Not that I would recommend such a practice.

Just sayin'


Kinda hard on the family microwave that way, isn't it? I mean..all those sparks and arcs are natures way of saying 'hey..this isn't such a bright idea...stop now please'.





posted on May, 11 2014 @ 05:32 AM
link   

originally posted by: LadyGreenEyes
a reply to: BMorris
They could, for example, track anyone who checked out certain books, that they believed were a signal that the person was some sort of "problem". With all of the privacy issues today, that isn't unlikely at all.


Like Catcher in the Rye? Lets face it, why would they want or need to "track" you. They already HAVE your address. If your libraries work like ours, you had to give your address, and 3 forms of identity document, one of which must be photographic, when you registered for membership.

They don't NEED to track you by RFID, because you gave them all the details they could want when you registered. They certainly don't need RFID to link your loans to your profile, thats done by the checkout process, regardless what checkout process they use.

As for the guy saying to nuke the books in a microwave, thats criminal damage. Unless of course, you have the libraries permission to destroy the RFID tags. I can see the checkin process.
"Excuse me librarian, I need to check these books in."
"Place them on the RFID reader machine."
"Their RFID's aren't working."
"Oh? Let me look..... Why are these RFID's burned?"
"I microwaved them."
"OK, well to to replace the tag in each book will be $x. How do you want to pay?"
"I ain't paying. I didn't give you permission to track me."
"Please wait here while I summon an officer."

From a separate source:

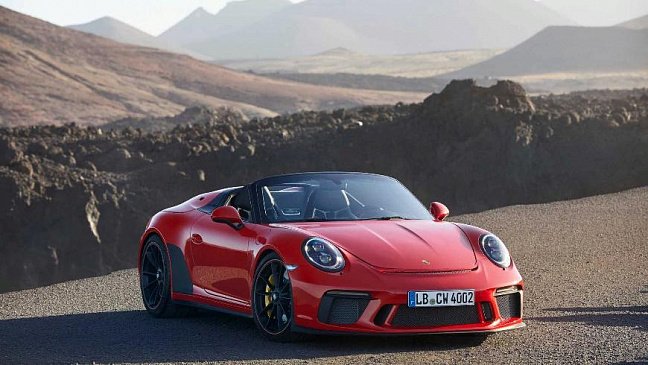 Porsche опубликовал цены на 911 Speedster 2019 модельного года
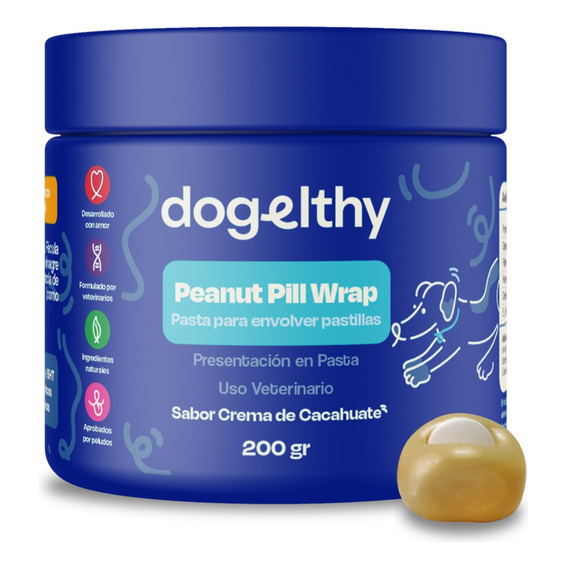Dogelthy Pill Wrap Masa Para Dar Pastillas A Perros Peanut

posted on May, 15 2014 @ 02:42 AM
link   
a reply to: BMorris

The point is that this is too easy to be used by other agencies. Do you not know that the government is already demanding data from telephone companies and websites, to track everything about people? The Common Core stuff in schools is all about data collection as well. This is just another method.



posted on May, 16 2014 @ 04:32 PM
link   
a reply to: LadyGreenEyes

So are you still paranoid about RFID chips, after all the information given to you in this thread?

Yes, it's another form of recording information, but in practical use the only difference between this technology and other forms of recording is speed... magnetic scanners, barcodes, writing the information in a ledger is all some form of recording, RFID just speeds up the process.

Security cameras record and can track even better than RFID, yet when a crime occurs, aren't you happy that there is evidence to prove the wrongdoing?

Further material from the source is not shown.